Worst-case scenario? The left eye would follow suit, leaving me blind. Best? Some improvement. Much adjustment. But I’d never see as clearly as before.
And, indeed, I didn’t. A thin but permanent fog hangs over the right edge of my field of vision, awaiting a sun that never comes. I sometimes confuse objects’ exact positioning in relation to one another, so I often “love” when I should “live” and “live” when I should “love,” the “i” and “o” being next-door neighbors on keypads. And my depth perception can be out of whack, as people who had me serve wine to them in the months after my stroke can attest. I’d overshoot their glasses and splash nebbiolo on their laps.
I stopped pouring. I stewed in frustration. I lived in suspense, willing my left eye to hang in there. And as it did, there was a blessed development that the doctors didn’t augur: Bit by bit, the people around me came into sharper focus, by which I mean that their fears, struggles and triumphs did.

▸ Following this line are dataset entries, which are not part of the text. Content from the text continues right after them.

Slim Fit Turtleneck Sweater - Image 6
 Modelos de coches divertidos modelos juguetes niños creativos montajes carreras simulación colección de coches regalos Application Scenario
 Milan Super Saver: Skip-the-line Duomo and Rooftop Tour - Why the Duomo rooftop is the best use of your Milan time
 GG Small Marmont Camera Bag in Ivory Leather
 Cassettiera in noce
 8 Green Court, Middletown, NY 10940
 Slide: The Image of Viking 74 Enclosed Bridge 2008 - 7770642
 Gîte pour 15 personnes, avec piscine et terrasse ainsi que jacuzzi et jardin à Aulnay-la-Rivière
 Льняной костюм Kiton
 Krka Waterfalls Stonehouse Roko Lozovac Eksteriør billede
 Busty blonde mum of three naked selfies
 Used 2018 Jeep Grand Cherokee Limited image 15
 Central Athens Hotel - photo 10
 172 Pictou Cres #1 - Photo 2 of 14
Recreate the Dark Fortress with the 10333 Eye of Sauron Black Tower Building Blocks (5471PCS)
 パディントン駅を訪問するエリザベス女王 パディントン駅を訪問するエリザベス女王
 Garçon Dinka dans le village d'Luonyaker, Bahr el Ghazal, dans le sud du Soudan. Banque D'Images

The paradox of my own situation — I was outwardly unchanged but roiling inside — made me newly alert to a fundamental truth: There’s almost always a discrepancy between how people appear to us and what they’re actually experiencing; between their public gloss and private mess; between their tally of accomplishments — measured in money, rankings, ratings and awards — and a hidden, more consequential accounting. I’d long known that. We all do. But I’m not sure how keenly we register it, how steadily we remember it.And that truth helped me reframe the silly question “Why me?” into the smarter “Why not me?” It was a guard against anger, an antidote to self-pity, so much of which hinges on the conviction, usually a delusion, that you’re grinding out your days while the people around you glide through theirs, that you’ve landed in the bramble to their clover. To feel sorry for yourself is to ignore that everyone is vulnerable to intense pain and that almost everyone has worked or is working through some version of it.Imagine that our hardships, our hurdles, our demons were spelled out for everyone around us to see. Imagine that each of us donned a sandwich board that itemized them.